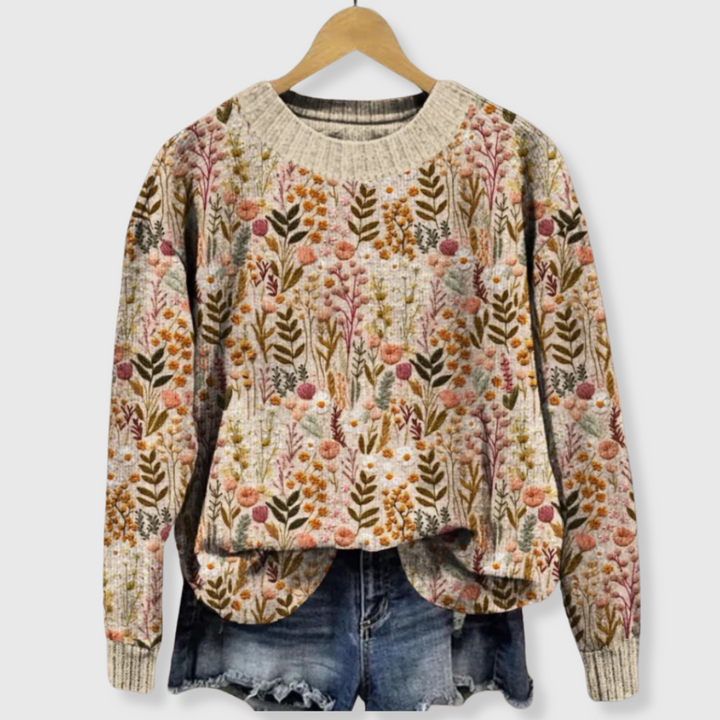 Deanna | Mukava kukkainen neulepusero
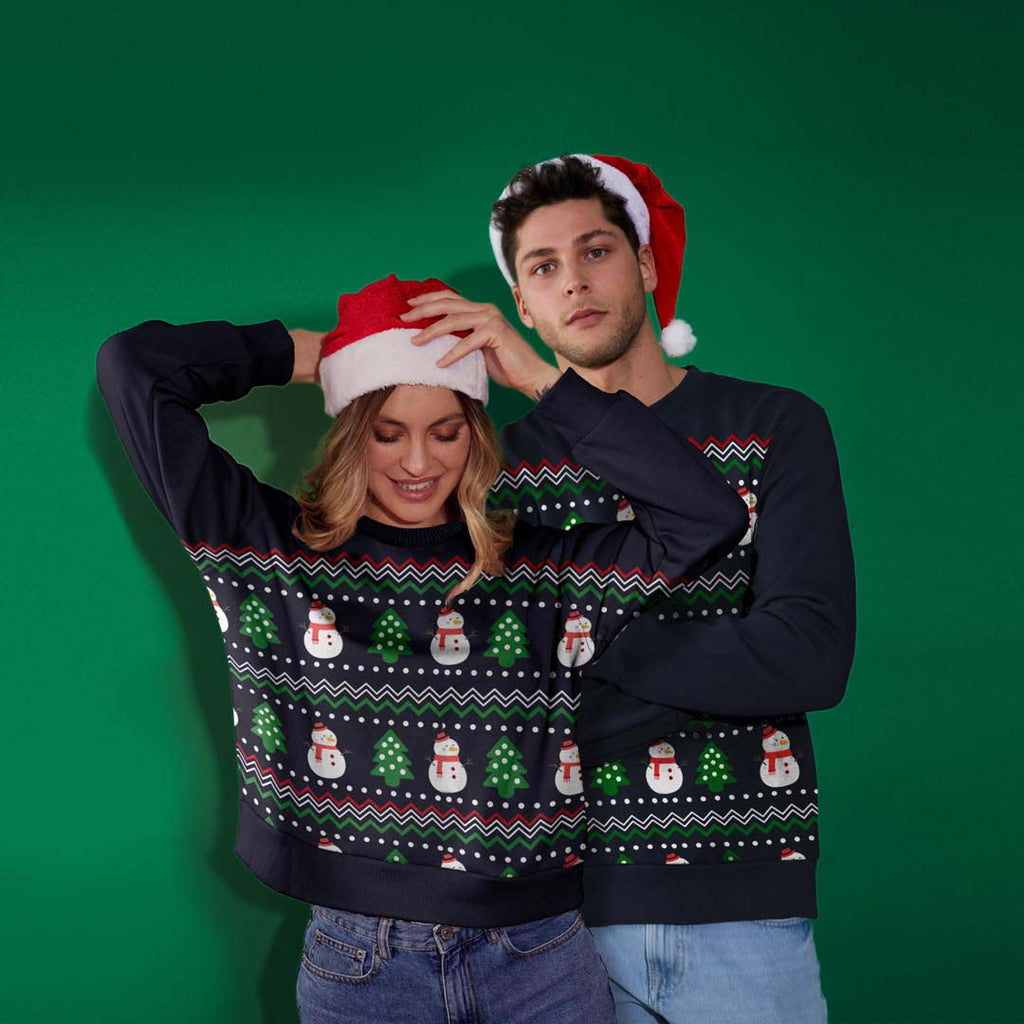 Mens Ugly Christmas Sweatshirt Snow Tree Womens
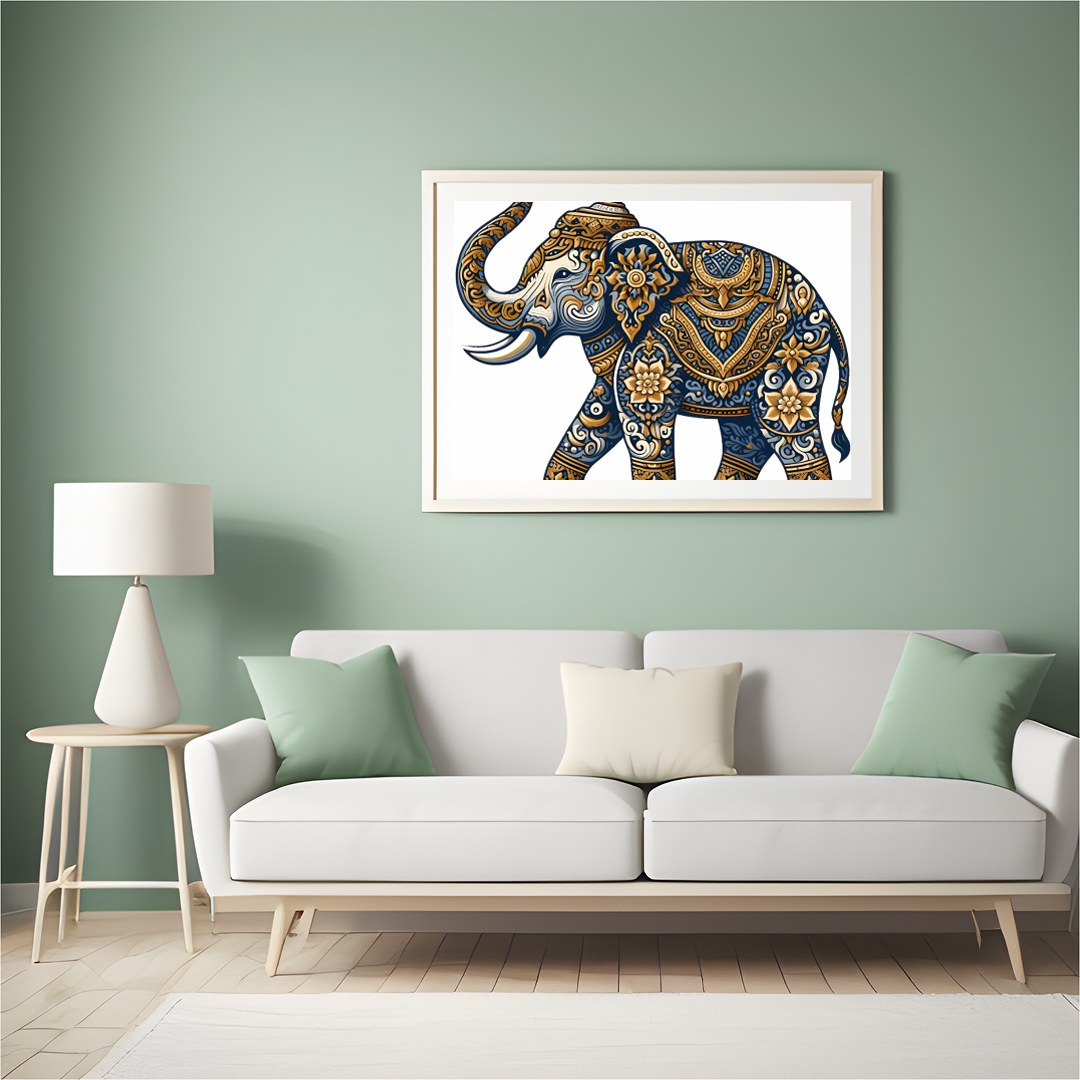 Experience the grandeur of nature with our Majestic Mandala Elephant Wall Art. Intricate patterns for Hall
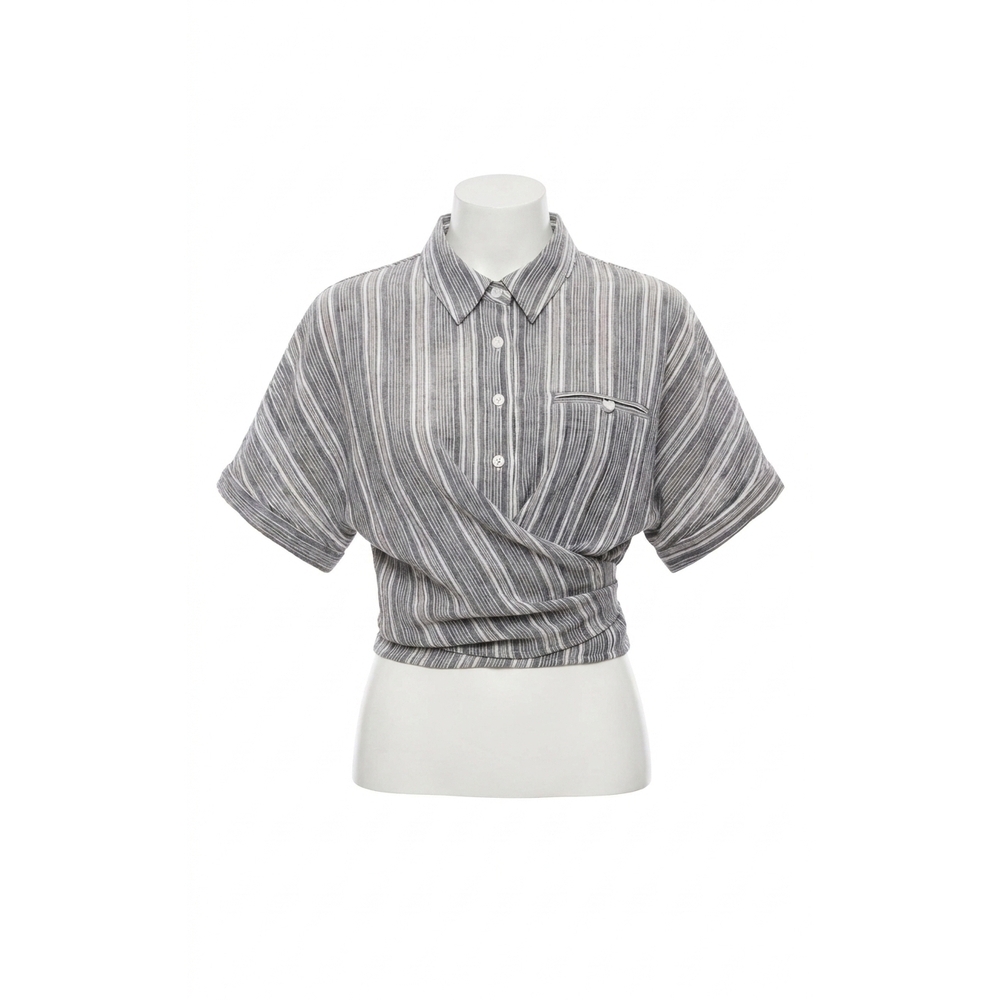 NEW FRNCH striped shirt with adjustable front tie in denim blue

Exercise aim:
Print exactly the line containing "Experience the grandeur" and every line after it through the final line above, and leave all pictures out.

Exercise solution:
 Experience the grandeur of nature with our Majestic Mandala Elephant Wall Art. Intricate patterns for Hall
 NEW FRNCH striped shirt with adjustable front tie in denim blue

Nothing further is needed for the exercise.